Wer’s nicht wissen sollte: Der historische Gebäudekomplex der Wiener Hofburg umfasst unter anderem auch das Bundeskanzleramt der Republik Österreich. Täglich kommen – wenn nicht wegen Corona gesperrt ist – Hunderte von Besuchern in die „Spanische“, sie können durch Glasfenster mitten in die Ställe blicken. Also müssen Reiter und Stallleute jederzeit picobello angezogen sein, alles muss tipptopp sein!

Scharfe Kritik vom Rechnungshof

Zugegeben, die aktuelle Suche nach neuem Personal für die Pflege der weißen Hengste in der Hofburg ist nur eine Randnotiz, verglichen mit dem, was seit einigen Wochen quasi wie ein Damoklesschwert über der „Spanischen“ hängt.

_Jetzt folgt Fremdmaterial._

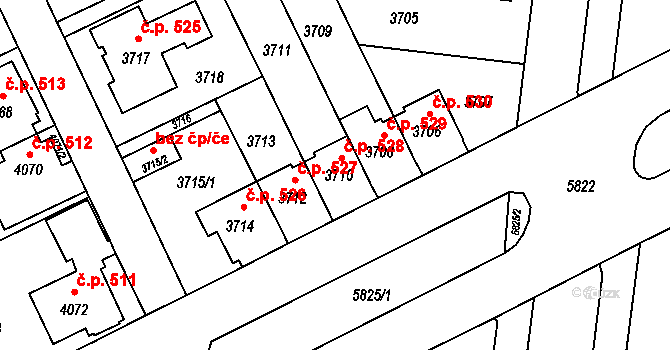 Záběhlice 528, Praha na parcele st. 3710 v KÚ Záběhlice, Katastrální mapa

Denn der österreichische Rechnungshof hat nach jahrelanger intensiver Prüfung in diesem Herbst ein kritisches Gutachten über die finanzielle Lage der Hofreitschule, über das Lipizzanergestüt Piber in der Steiermark sowie über die angeschlossene Reitschule in Heldenberg in Niederösterreich veröffentlicht.

In der bunten Wiener Presse hat das eingeschlagen wie eine Bombe, denn es geht immerhin um Defizite in Millionenhöhe. Und es geht – amtlicherseits von höchster Stelle – um happige Vorwürfe einerseits, um klare Vorgaben für die Zukunft andererseits.

100 Seiten, 42 Empfehlungen

Der kritische Bericht des Rechnungshofes, der die Jahre zwischen 2014 und 2019 penibel beleuchtet, umfasst nicht weniger als einhundert Seiten, am Ende listet er nicht weniger als 42 Empfehlungen auf. Deshalb an dieser Stelle nur einige der brisanten Fakten: Im Jahr 2014 war, so heißt es wörtlich, „die Spanische Hofreitschule durch Zahlungsunfähigkeit in ihrem Bestand gefährdet“.

Von 2014 bis 2019 hat die „Spanische“ 8,5 Millionen Euro vom Staat und den Bundesländern erhalten. Trotzdem wurden Verluste geschrieben – rund 13 Prozent der Summe konnten nicht erwirtschaftet werden. Die Finanzprobleme sind bis heute nicht gelöst.

Weitere Fakten: Die Haltung der weißen Hengste in der Wiener Innenstadt bleibt ein Kritikpunkt, obwohl man im Innenhof der Hofburg kleine Paddocks für sie gebaut hat. Die Hengste wurden offenbar, das zeigt die Statistik, immer wieder überfordert. Früher gingen die Lipizzaner erst mit 21 Jahren altersbedingt aus dem Beritt, nun müssen sie mit 19 Jahren „in Pension“ gegeben werden, weil sie nicht mehr können.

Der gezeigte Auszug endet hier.